Il est par ailleurs intéressant d’observer comment sont déterminés, choisis et sélectionnés les sujets de recherche qui seront abordés, et quels sont les résultats qui intéresseront les dirigeants, les médias et par conséquent le public. Le chapitre de l’américaine Carol Hirschon Weiss portant sur les liens entre la recherche et les politiques publiques pose des ques-tions fondamentales, à savoir : « Quels sont les obstacles empêchant les gouvernants d’avoir recours aux sciences sociales ? » (p. 220). Elle met en évidence le rôle des intermédiaires et les médiateurs qui filtrent et sélectionnent les équipes de recherche selon des critères subjectifs, surtout dans la sphère publique et dans les milieux gouvernementaux. Enfin, la contribution de Robyn Williams (qui a été successivement journaliste, réalisateur pour la télévision puis professeur d’université en Australie) portant sur la communication médiatisée du savoir démontre très bien les défis et les limites des émissions scientifiques, dans la mesure où la science est trop souvent perçue comme étant forcément partie d’un processus d’apprentissage en contexte scolaire, ce qui risque de conduire trop souvent à des effets pervers : certains journalistes et télédiffuseurs tendent à encourager une sorte de vedettarisation de certains sujets scientifiques privilégiés (catastrophes, menaces, problèmes éthiques) afin de rendre pertinents (en termes commerciaux) leurs enjeux et par conséquent leur plus grande diffusion dans les médias.

Le livre, Les sciences sociales dans le monde, devrait être lu par tout étudiant désireux d’entreprendre une maîtrise ou un doctorat, et conviendra aussi à beaucoup de professeurs.
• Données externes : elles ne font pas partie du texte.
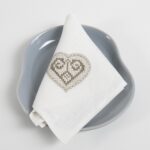 HARTY Table napkin white with beige embroidery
Cet excellent rapport comporte deux avantages importants : il permet d’abord aux chercheurs de tous horizons d’avoir facilement accès à un ensemble de bilans disciplinaires et régionaux présentés dans un style accessible et qui touchent à plusieurs aspects de la recherche actuelle. Il offre en outre une ouverture sur le caractère transitoire et subjectif de la recherche, en attirant particulièrement l’attention sur certaines mutations qui s’opèrent actuellement dans le monde universitaire et dans la sphère publique.